I thought college was supposed to be filled with fresh indie rock and dumb conversations about Infinite Jest, not an endless fight against the Lost Cause narrative and daily acts of racism, homophobia, sexism, and classism. Lee may have played some weird role in keeping our campus alive when he was president, but only the worst of his scars run through the veins of our institution. When students who look like me or my other marginalized peers aspire for change, we are fighting an uphill battle against an institution that is designed for us to fail. One small, but unshakeable, frame of this challenge comes in our bizarre embrace of Racist E. Lee. Professor Locy summed it up well in her piece for The Nation that argued for changing our name.
“It defies logic, 150 years after Lee’s death, for W&L to give him credit for making the university the first-class liberal arts institution it is today. He doesn’t deserve it,” Loci wrote. “The thousands of students, faculty, and staff who came after him do. They include brave young men and women of color who often found themselves alone, underestimated, and ridiculed as they sought their educations on an overwhelmingly white campus.”
A name is not our history, it is our present. Washington and Lee is a present-tense institution that should not owe anything to the rich racists, sexists, and robber barons who have convinced us that our name is more sacred than improving the values underlying it. The only history that will come from not changing an outdated and racist name like ours will be the extinction of our institution at the hands of people who reject the existence of an alumnus like myself.
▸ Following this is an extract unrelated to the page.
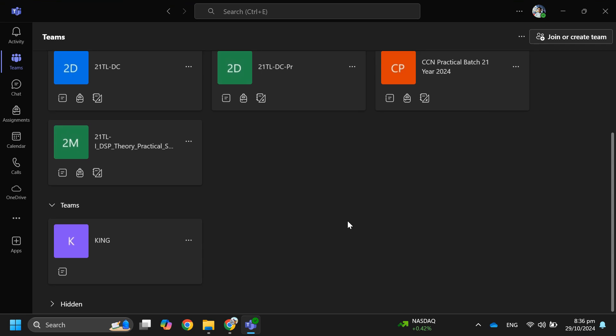The first thing you want to do is open up the Teams app on your laptop and make sure it is updated to the latest version available. After that, sign into your account and you will be redirected to this page.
One of those racists argued in my Twitter feed that W&L’s aversion to changes like a name change have protected it from being a college that “lost its mind” from “Oberlinification” (aka liberal nonsense) in the mid-2010s. Arguments like these illustrate the faulty link that our wealthiest, racist, and most powerful community members make between changes to improve the lives of our most vulnerable and our institution’s so-called values. Arguments like these are an acknowledgement that the supreme comfort of many of our white students and alumni have come at the expense of existence for so many marginalized students on our campus.
Like I said, a name change cannot and should not be the only meaningful change that our school embraces. I can write many other letters in support of more substantial changes to improve the lives of our marginalized communities. But, the nucleus of these changes start at the top, and the absolute bare minimum that we can do is undergo a minor re-branding effort to let our community know that we are committed to real change.